Les problèmes relevant de la gestion quotidienne de la chose publique ne résisteront pas longtemps à la dynamique de mise à niveau sociale du pays», affirme-t-elle. Si l'observateur peut aisément toucher du doigt l'enthousiasme communicatif trouvé auprès de ces MRE qui ont opté pour le retour et l'accomplissement de soi dans le pays d'origine, il acquiert vite la conviction qu'il existe de sérieuses difficultés auxquelles cette catégorie de nos compatriotes fait face non sans un
certain courage. En effet, le déficit du pays en infrastructures hospitalières et en couverture sociale efficiente vient en tête de ces difficultés. L'absence d'une fiscalité capable de contextualiser – de préférence sans dispositifs pompeux – la démarche hautement salutaire de ce type d'investissement patriotique en est une autre. Le jeune Kamel Améziane (voir encadré) le dit avec des mots bien plus pertinents. A côté de ces soucis inhérents à la vie de tous les jours et qui, si l'on n'y prend pas garde, peuvent aliéner des carrières, voire des destins, la sempiternelle problématique de la représentation au sein de l'échiquier démocratique national continue à angoisser, parfois indigner, nos Marocains du monde devenus Marocains Résidents au Maroc (MRM). « Même si nous vivons dorénavant dans notre pays d'origine, nous ne pouvons tolérer le fait que la classe politique ait pu exclure, à ce jour, plus de 10% de
nos concitoyens. Nous savons ce qu'ils ressentent pour l'avoir vécu nous-mêmes. Il est temps de mettre bon ordre à ce déni de démocratie, notamment en prenant garde à ne pas resservir le traditionnel choix para-consulaire de type “amicalier”. A nos yeux comme aux yeux de nos concitoyens restés “là-bas”, cela pourrait mettre en péril le projet modernitaire et démocratique promis et initié par S.M. Mohamed VI», nous confie Ali D, récemment recruté par une grande école marocaine de gestion et de management. Le phénomène du retour au bled s'amplifie d'année en année.
Ceux qui tentent l'aventure sont éblouis par le nombre et les dimensions des grands chantiers, le train des réformes engagées, la transformation accrue de l'environnement urbain au centre et à la périphérie des grandes villes, les ambitions permises par l'Initiative Nationale de Développement Humain (INDH). Mais ils s'estiment en droit de bénéficier d'une attention particulière du fait que la majorité d'entre eux ait pu trouver en elle assez d'audace pour oser croire au destin de la nation d'origine au détriment des opportunités offertes par le pays d'accueil. En vérité, les Fondations Mohamed V et Hassan II pour les MRE devraient étendre leurs (louables) services au champ de la réintégration de ces MRE, au lieu de leur «faire la fête» chaque été pour les zapper de leurs priorités à la veille de l'automne. Mesdames et messieurs, nous assistons à un phénomène digne d'intérêt et dont la portée historique, en termes de développement économique et social, ne tardera guère
à s'affirmer. Saisissons les instruments institutionnels et convoquons notre imagination pour rechercher les réponses appropriées aux problématiques engendrées par la réintégration de ces concitoyens. Bienvenus, chers compatriotes !

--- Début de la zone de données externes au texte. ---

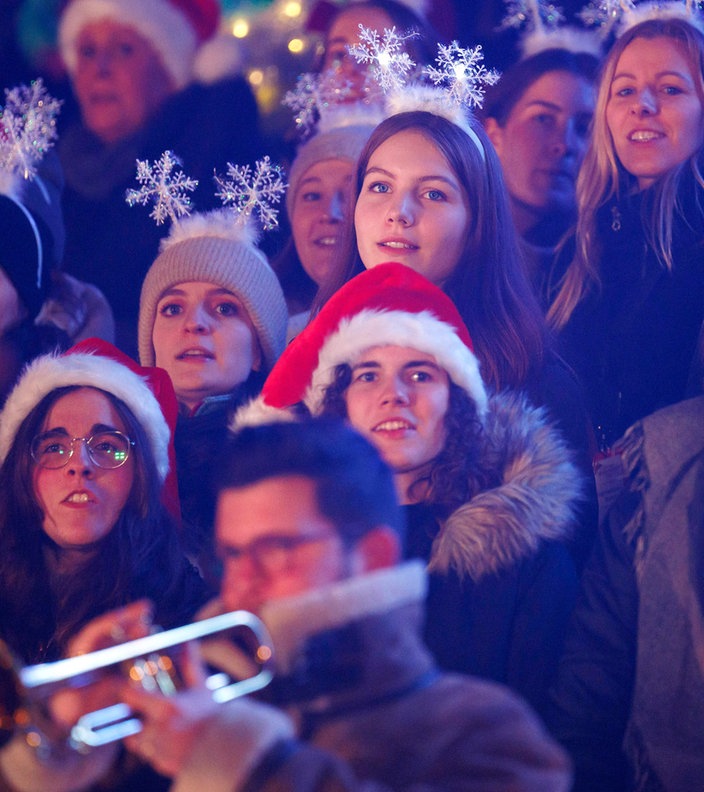 Junge Frauen mit Weihnachtsmützen und Schneeflocken auf dem Kopf singen bei "Loss mer Weihnachtsleeder singe" im Stadion in Köln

3 questions à Kamel Ameziane (*)
Q : Quelle a été la motivation première de votre installation au Maroc ?
R : Avant tout, je souhaite préciser le fait que je suis né en France de parents marocains. Quant à ma motivation, elle vient de bien loin : Réintégrer définitivement le Maroc, j'ai rêvé de cela bien avant mon adolescence. J'ai franchi le pas dès qu'une première opportunité m'ait été offerte. Ma motivation, aujourd'hui, c'est de contribuer, à mon humble niveau, à réduire ce qu'on appelle communément la « fracture numérique » dont souffre le Sud par rapport au Nord. J'ai, pour ce faire, emprunté les interstices d'un dogme mondial énoncé par nombre de multinationales occidentales, celui de faire appel à des profils comme le mien : formation pointue sur des cœurs de métiers technologiques, capacité de pénétrer des marchés extra-occidentaux, maîtrise de la culture et des codes ethnoculturels et, si possible, appartenir à la nationalité du pays.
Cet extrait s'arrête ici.